II. CERTIFICATE OF APPEALABILITY
Unless a circuit justice or judge issues a certificate of appealability, an appeal may not be taken to the Court of Appeals from the final order in a habeas proceeding in which the detention complained of arises out of process issued by a state court. 28 U.S.C. § 2253(c)(1)(A); Miller-El v. Cockrell, 537 U.S. 322, 336, 123 S.Ct. 1029, 154 L.Ed.2d 931 (2003). A district court must issue or deny a certificate of appealability when it enters a final order adverse to the applicant. Habeas Rule 11(a).
A certificate of appealability may issue only if the applicant makes a substantial showing of the denial of a constitutional right. § 2253(c)(2). Under this standard, a petitioner must show that reasonable jurists could debate whether the petition should have been resolved in a different manner or that the issues presented were adequate to deserve encouragement to proceed further. Miller-El, 537 U.S. at 336 (quoting Slack v. McDaniel, 529 U.S. 473, 484, 120 S.Ct. 1595, 146 L.Ed.2d 542 (2000)). A certificate should issue if the Petitioner shows that jurists of reason would find it debatable whether: (1) the petition states a valid claim of the denial of a constitutional right, and (2) the district court was correct in any procedural ruling. Slack v. McDaniel, 529 U.S. 473, 483-84, 120 S.Ct. 1595, 146 L.Ed.2d 542 (2000).
In determining this issue, a court conducts an overview of the claims in the habeas petition, generally assesses their merits, and determines whether the resolution was debatable among jurists of reason or wrong. Id. An applicant must show more than an absence of frivolity or the existence of mere good faith; however, the applicant need not show that the appeal will succeed. Miller-El, 537 U.S. at 338.
Here, it does not appear that reasonable jurists could debate whether the petition should have been resolved in a different manner.

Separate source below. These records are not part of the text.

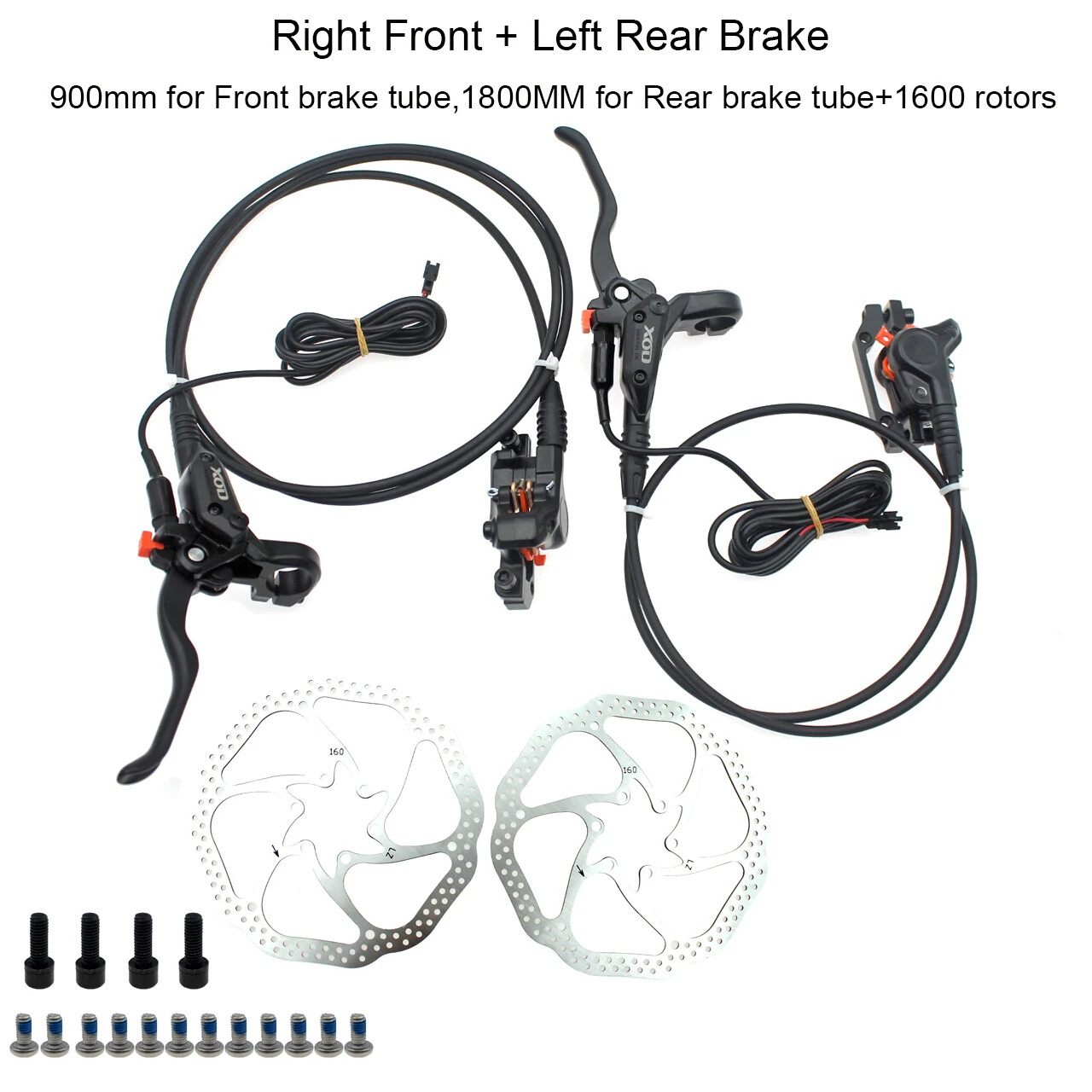Electric Bicycle MTB Hydraulic Disc Brake Power Off For Driving Oil Disc Brake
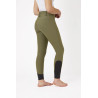 Pantalones de Montar con Cintura Alta y Agarre Completo con Cristales para Mujer Horze - Verde musgo de invierno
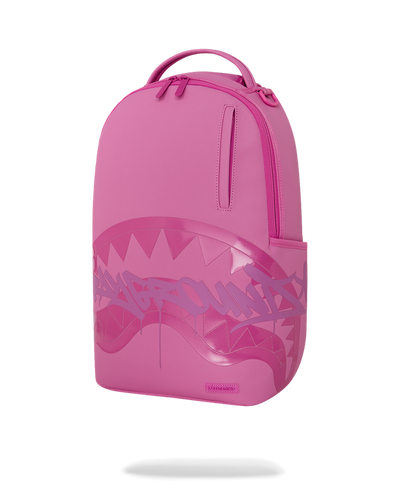 Sprayground Pink Ghost Drip Backpack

Petitioner has not made a substantial showing of the denial of a constitutional right. Accordingly, the Court will decline to issue a certificate of appealability.
III. CONCLUSION AND ORDER
For the foregoing reasons, the Court concludes that dismissal is warranted. Accordingly,
IT IS HEREBY ORDERED that Petitioner's habeas action, May 12, 2014 (Doc. 1), is DISMISSED pursuant to Local Rule 110, for Petitioner's failure to respond to or otherwise comply with the Magistrate Judge's September 2, 2014 Order to Show Cause.
IT IS FURTHER ORDERED that a certificate of appealability is DENIED.
As nothing remains for the Court to resolve, IT IS FINALLY ORDERED that the case is CLOSED. IT IS SO ORDERED.